Titik awal keselamatan bukanlah pengakuan akan kekuasaan Kristus, melainkan meneladani karya belas kasih Yesus di mana Ia membawa kerajaan-Nya. Mereka yang menyelesaikan karya-karya ini menunjukkan bahwa mereka telah menerima kekuasaan Kristus karena mereka telah membuka hatinya untuk kasih Allah. Pada senja hidup kita, kita akan diadili berdasarkan kasih kita, kedekatan dan kelembutan kita terhadap saudara-saudara kita. Hal inilah yang akan menentukan masuknya kita, atau keluarnya kita dari kerajaan Allah: kita termasuk sisi yang satu atau yang lainnya. Melalui kemenangan-Nya, Yesus telah membuka kerajaan-Nya bagi kita. Akan tetapi, itu tergantung kita mau masuk ke dalamnya, dimulai dari kehidupan kita sekarang, dengan mendekati saudara-saudara kita dalam cara-cara konkret yang meminta makanan, pakaian, penerimaan, solidaritas. Jika kita benar-benar mengasihi mereka, maka kita akan bersedia untuk berbagi dengan mereka apa yang paling berharga dari diri kita, Yesus sendiri dan injil-Nya.

Hari ini Gereja menunjukkan kepada kita teladan dari orang-orang kudus baru ini. Mereka memiliki cara tersendiri dalam melayani kerajaan Allah di mana mereka menjadi ahli waris. Tepatnya melalui karya-karya pengabdian yang tulus ikhlas kepada Allah dan saudara-saudari mereka. Mereka menanggapi perintah mengasihi Allah dan sesama dengan kreativitas yang luar biasa. Mereka membaktikan diri tanpa menahan diri, melayani yang dipinggirkan dan membantu fakir miskin, sakit, orang tua, dan para peziarah. Pilihan mereka bagi yang terkecil dan termiskin adalah refleksi dan ukuran kasih mereka yang tanpa syarat kepada Allah. Bahkan, mereka mencari dan menemukan kasih dalam hubungan yang kuat dan pribadi dengan Allah dari mana asal sumber mata air kasih sejati bagi sesama. Oleh karena itu, mereka mendengar undangan lembut saat penghakiman: “Mari, hai kamu yang diberkati oleh Bapa-Ku, terimalah Kerajaan yang telah disediakan bagimu sejak dunia dijadikan” (Mat 25:34).

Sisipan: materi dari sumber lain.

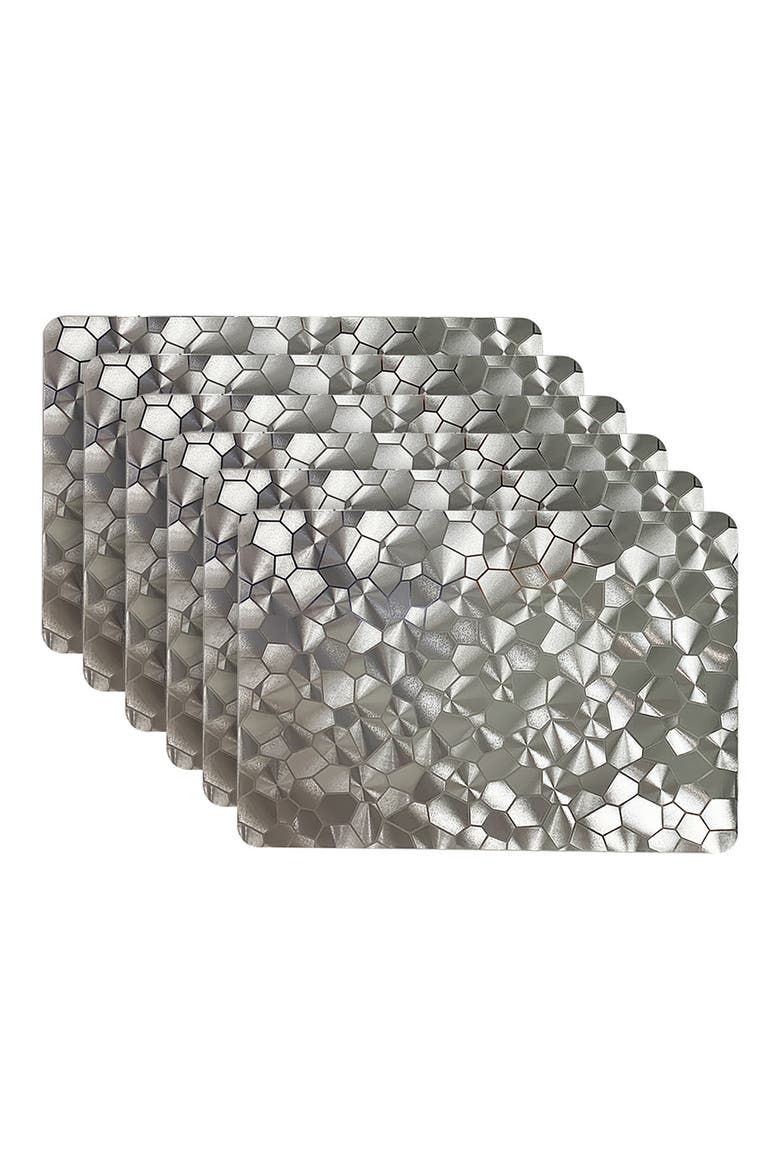 Mirrored Set of 6 Placemats, Main, color, SILVER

Melalui kanonisasi ini, sekali lagi kita telah mengakui misteri kerajaan Allah dan kita telah menghormati Kristus Raja, Gembala yang penuh kasih bagi domba-domba-Nya. Semoga orang-orang kudus baru kita ini, melalui kesaksian dan doa mereka, meningkatkan dalam diri kita sukacita dalam berjalan di jalan injil dan tekad kita untuk menjadikan injil sebagai kompas kehidupan kita. Mari kita mengikuti jejak mereka, meneladan iman dan kasih mereka sehingga harapan kita juga diwarnai oleh keabadian. Semoga kita tidak membiarkan diri diganggu oleh kepentingan duniawi dan fana. Dan, semoga Maria, bunda dan ratu semua orang kudus, membimbing kita dalam perjalanan ke kerajaan surga. Amin.